Purtroppo di alcuni titoli sono stati annunciati solo una parte degli interpreti e quindi non ha senso un discorso riguardo la nazionalità degli artisti. Al momento, con i soli dati dichiarati,  gli italiani sono il 69%, ma certamente si tratta di una percentuale destinata a lievitare.

Molto interessante la distribuzione fra le agenzie: nessuna di loro supera, per le parti principali, la soglia del dieci per cento  : PUNTOOPERA è la prima con 9,6%, seguono Ariosi ed AART Music , entrambe attorno all’8%. 

A dimostrazione che , nonostante la supposta impossibilità  di eliminare ‘alcuni monopoli (o vizi del mercato) che, comunque, ci sono sempre stati e che, nonostante gli sforzi, non sarà possibile debellare’ ricordata dal dotto Silvestri, è possibile trovare stagioni   con artisti provenienti da tante agenzie differenti e che le idee proposte dal Ministro Sangiuliano sono il frutto di una disamina attenta ed oggettiva di una situazione intricata , eterogenea e che potrebbe rivelarsi potenzialmente pericolosa dal punto di vista culturale.

 

Palermo presenta una stagione di sette titoli.

Fortissima la componente straniera: solo il 56 % degli interpreti  è italiano, molto meno di quanto auspicato dai propositi del Ministro della Cultura.

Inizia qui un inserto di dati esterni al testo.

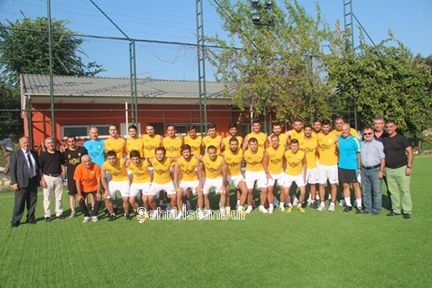 Yenibosna sezonu açtı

Quando analizziamo le agenzie degli artisti principali, ancora una volta emerge fortissimo il peso di Ariosi, agenzia che si assicura il 21% dei contratti, dato quanto mai rilevante se pensiamo che la successiva , IN ART, ottiene una percentuale del 12% , seguita da AART MUSIC ( 11%). Tutte le altre sono  su percentuali inferiori al 10%.

Particolarmente interessante, a questo punto il ruolo di Cagliari, teatro dalla solida tradizione lirica, che può contare su un bacino di abbonati di grande vastità e che propone  pochi spettacoli di opera, scelti fra grandi titoli e recuperi preziosi: ‘Nerone’, ‘Tosca’, ‘Italiana in Algeri’, ‘Madama Butterfly’.

La prima considerazione concerne il coinvolgimento di cantanti nazionali: ci sono naturalmente presenze di voci straniere, ma fa caso  che gli italiani siano complessivamente il 76%, percentuale  che pare in linea con i desiderata ministeriali e che risulta impensabile per altre istituzioni , che magari hanno allestito anche gli stessi titoli, in periodi differenti.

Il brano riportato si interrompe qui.